**Task prompt**. Though the entries contain pictures, the copy you make should hold only the rest, exactly as written.

**Data for this exercise**.
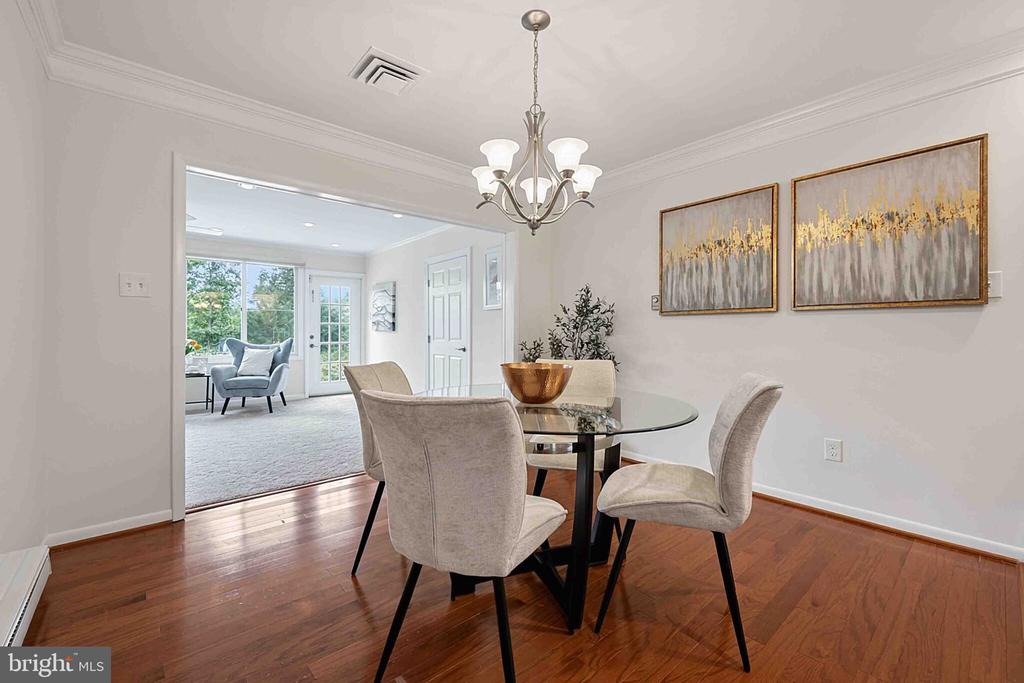 Dining room with a glass-top table and upholstered chairs, open to a bright sitting area.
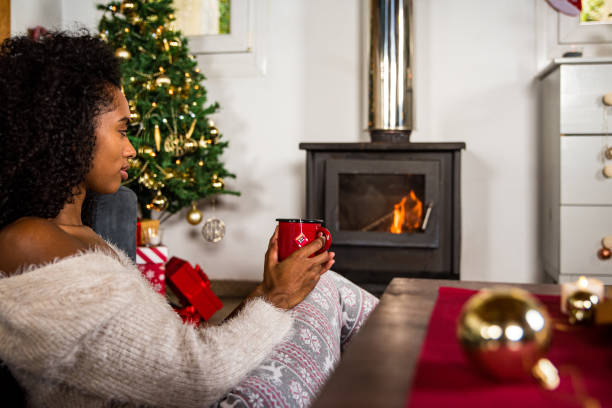 istock Black woman drinking hot beverage 1443640529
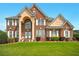 Stately two-story brick home with well-manicured lawn and symmetrical landscaping at 8056 Revere Dr, Mcdonough, GA 30252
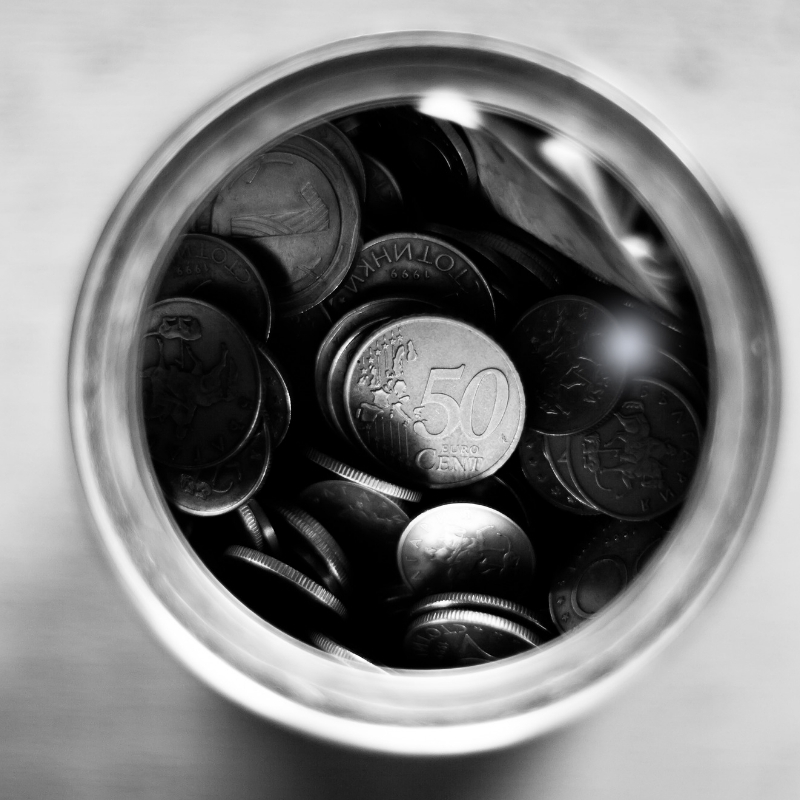 A black-and-white image shows a glass jar filled with assorted coins, including a prominently displayed 50 cent coin—a perfect symbol of the resolve to save money. The jar is viewed from above, capturing the circular shape and shiny metallic surfaces of the coins.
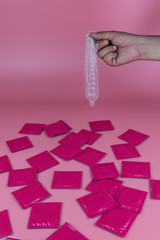 Young  man holding a condom on a pink background with pink condoms on the table, concept, fertility, sexual health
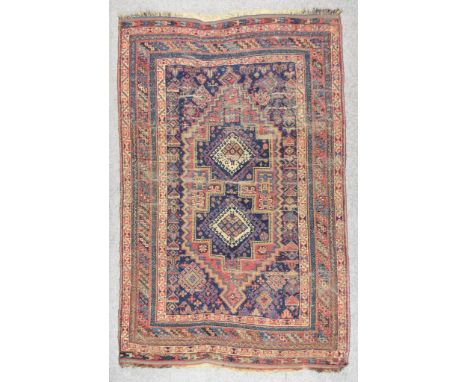 A Late 19th Century Afshar Rug, woven in colours of fawn, navy blue and wine, with a bold central stepped lozenge-shaped pole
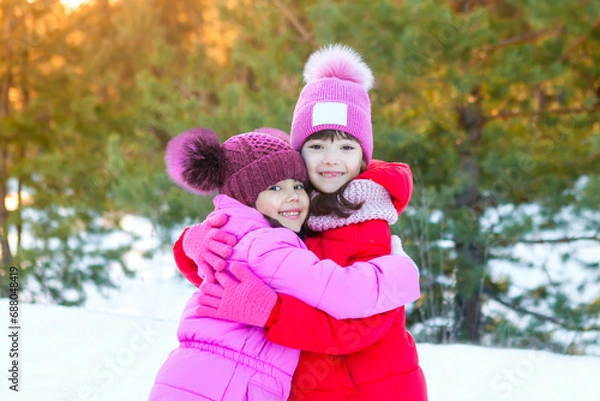 Fototapeta Two little girls in a snowy forest. Two sisters hugging and smiling, looking at the camera. Happy girls hugging. Winter. Place for text. Sisters day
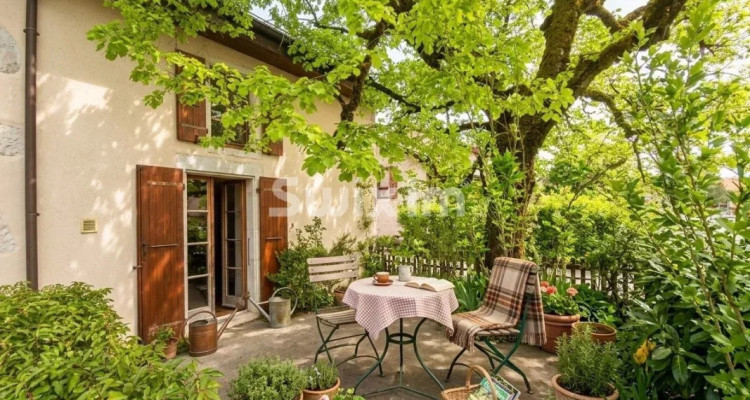 Large village house in Dardagny with garden image 1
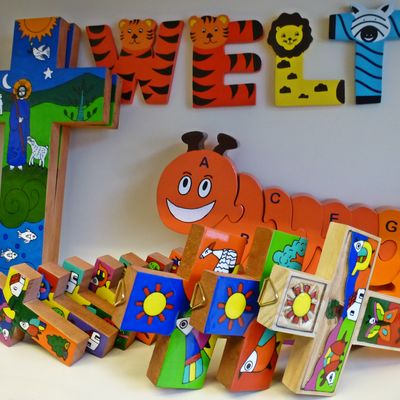 Bild vergr&ouml;&szlig;ern: Bunte Kinderkreuze und eine Holzraupe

**Result below**.
 Dining room with a glass-top table and upholstered chairs, open to a bright sitting area.
 istock Black woman drinking hot beverage 1443640529
 Stately two-story brick home with well-manicured lawn and symmetrical landscaping at 8056 Revere Dr, Mcdonough, GA 30252
 A black-and-white image shows a glass jar filled with assorted coins, including a prominently displayed 50 cent coin—a perfect symbol of the resolve to save money. The jar is viewed from above, capturing the circular shape and shiny metallic surfaces of the coins.
 Young  man holding a condom on a pink background with pink condoms on the table, concept, fertility, sexual health
 A Late 19th Century Afshar Rug, woven in colours of fawn, navy blue and wine, with a bold central stepped lozenge-shaped pole
 Fototapeta Two little girls in a snowy forest. Two sisters hugging and smiling, looking at the camera. Happy girls hugging. Winter. Place for text. Sisters day
 Large village house in Dardagny with garden image 1
 Bild vergr&ouml;&szlig;ern: Bunte Kinderkreuze und eine Holzraupe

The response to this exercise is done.